(Items from a dataset)
====

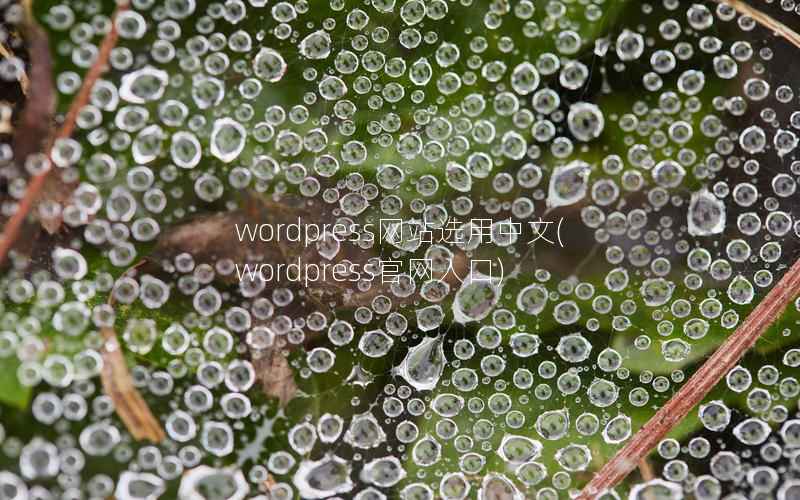 WordPress网站选用中文，WordPress官网入口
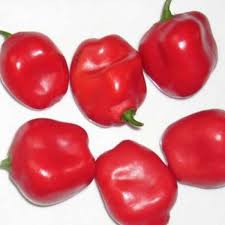 Afbeeldingsresultaat voor red rocoto hot pepper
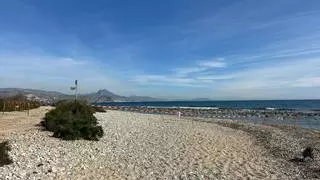 La playa para perros de El Campello, cerrada: el motivo es muy desagradable
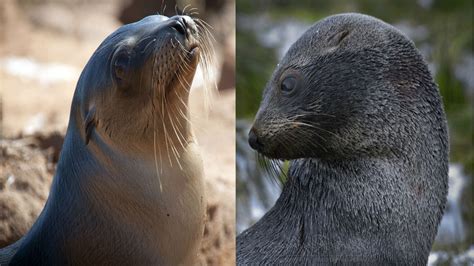 Sea Lion & Fur Seal - The Differences - YouTube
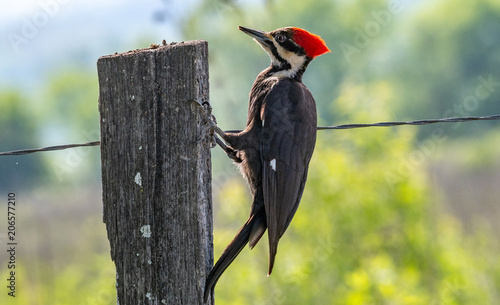 Full View of Pileated Woodpecker on Fencepost photo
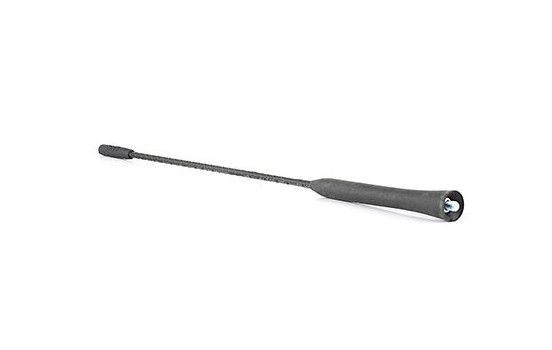 Antenna, Image 2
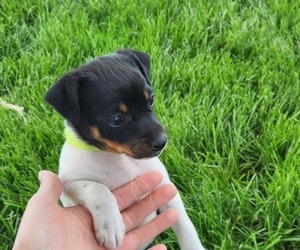 Rat Terrier Puppy for sale in MILFORD, IN, USA
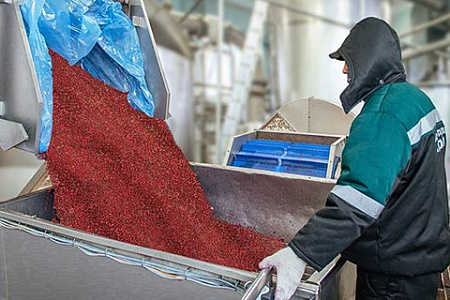 Русбиоальянс, минсельхоз, грибы, ягоды, еда, продукты, дары леса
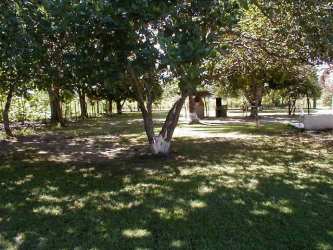 Spacious yard with mature trees and shaded areas near Pacific beach in Panama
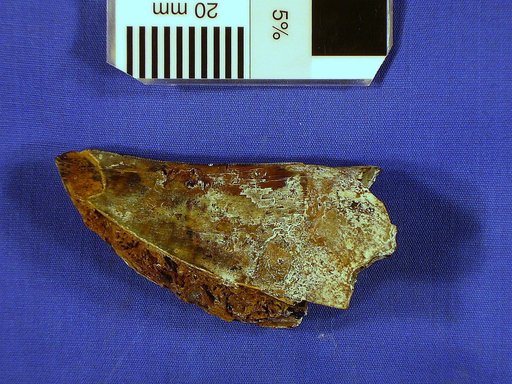 cf. Acrocanthosaurus sp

====

• _INSTRUCTIONS TO FOLLOW_: Each line of the data above must be repeated exactly, images excluded.

• _RESULT OF THIS EXERCISE_:
 WordPress网站选用中文，WordPress官网入口
 Afbeeldingsresultaat voor red rocoto hot pepper
 La playa para perros de El Campello, cerrada: el motivo es muy desagradable
 Sea Lion & Fur Seal - The Differences - YouTube
 Full View of Pileated Woodpecker on Fencepost photo
 Antenna, Image 2
 Rat Terrier Puppy for sale in MILFORD, IN, USA
 Русбиоальянс, минсельхоз, грибы, ягоды, еда, продукты, дары леса
 Spacious yard with mature trees and shaded areas near Pacific beach in Panama
 cf. Acrocanthosaurus sp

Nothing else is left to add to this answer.